Exercise directions
With the pictures left out, print exactly the lines below that run from the one containing "In order to" through the one containing "Consider a glass".

#### Available data

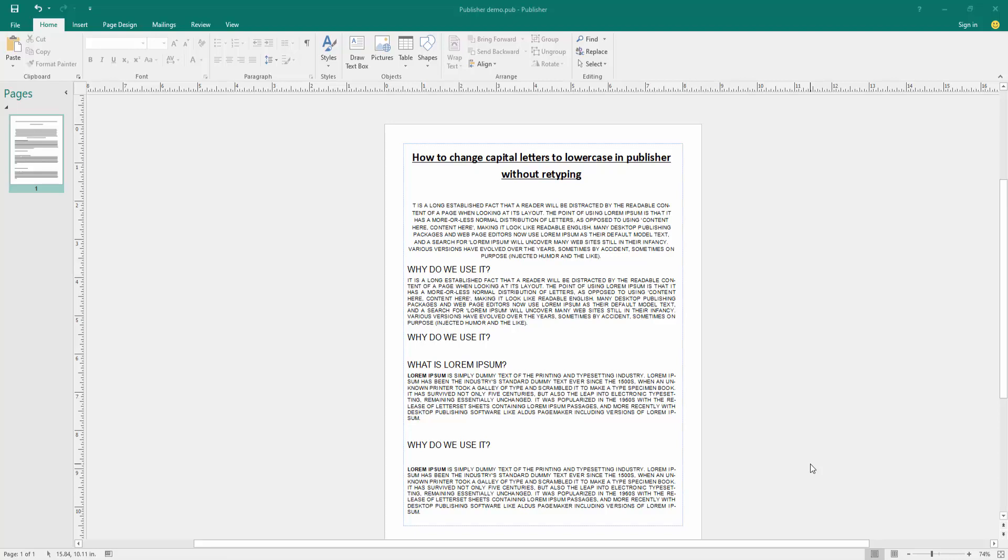Hello friends, welcome back to my new video. In this video I am going to show you how to change capital letters to lowercase in Publisher without retyping. Let's get started. At first we have to open a Publisher document and take some text. We can see here all text are capital letters.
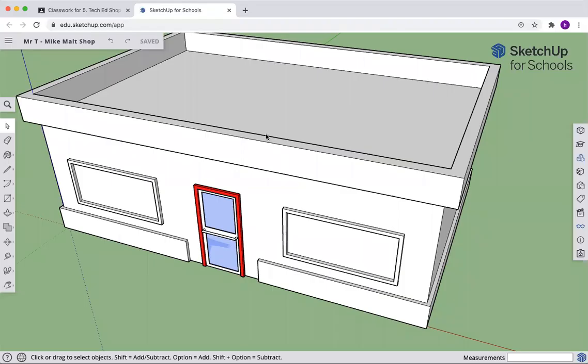All right, welcome back. We're here to make the awnings over top of our windows.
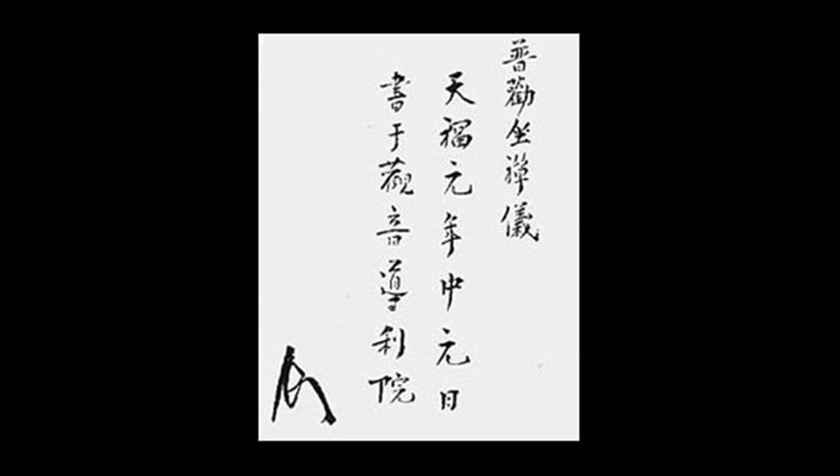Consider Shakyamuni at Jetavana - although he was wise at birth, the traces of his six years of upright sitting can yet be seen. As of Bodhidharma at Shaolin, although he had transmitted the mind seal, his nine years of facing a wall is celebrated still.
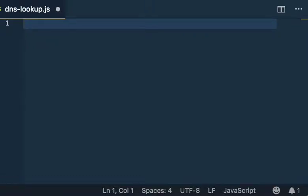This video is about doing DNS lookups in Node.js. It's a really useful skill. Anytime you're doing anything on the internet, you pretty much need to resolve a domain name.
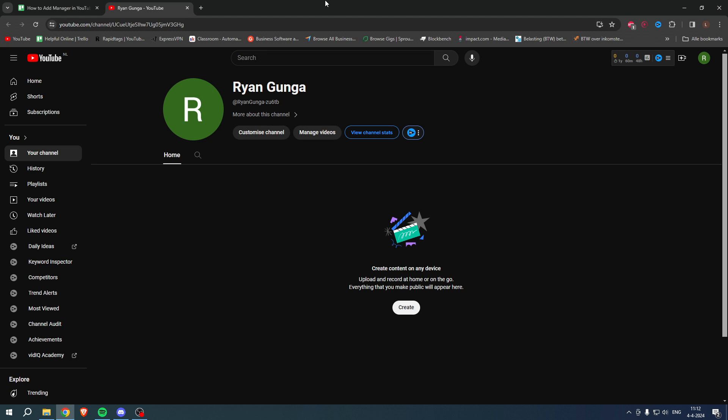How to add a manager in a YouTube channel — that is what I'm going to show you in this super quick and very easy tutorial. I'm going to show you how to do this for a regular YouTube account and also for a brand account, because these two are a little bit different but pretty much the same.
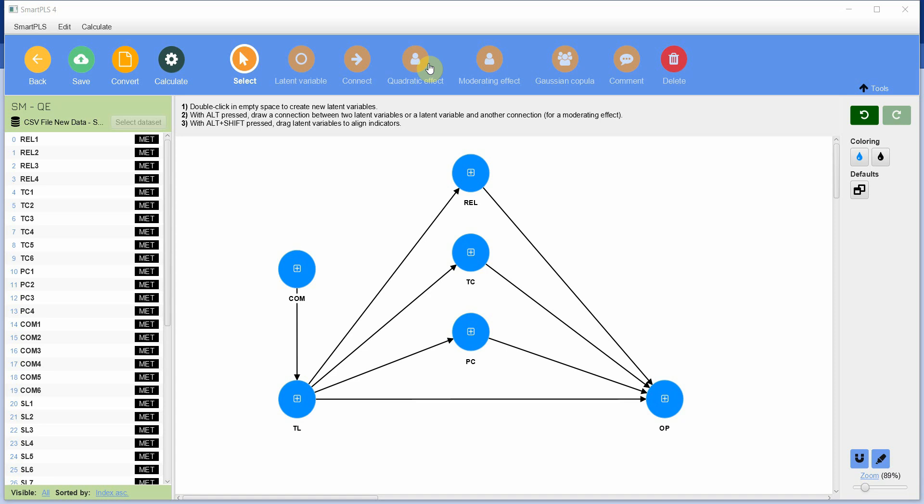In order to do so, we are going to use this quadratic effect in Smart PLS to check whether or not the relationship between variables is linear.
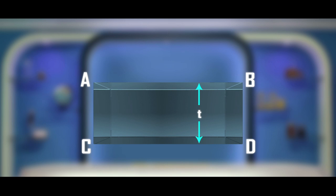Consider a glass slab A, B, C, D. Here T is the thickness of the glass slab.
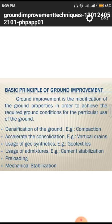Next is to accelerate consolidation by constructing vertical drains. In the previous class I discussed vertical drains and their design philosophies. After that we use some quantity of geosynthetics, which I also covered in relation to vertical drains.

########

Finished exercise
In order to do so, we are going to use this quadratic effect in Smart PLS to check whether or not the relationship between variables is linear.
Consider a glass slab A, B, C, D. Here T is the thickness of the glass slab.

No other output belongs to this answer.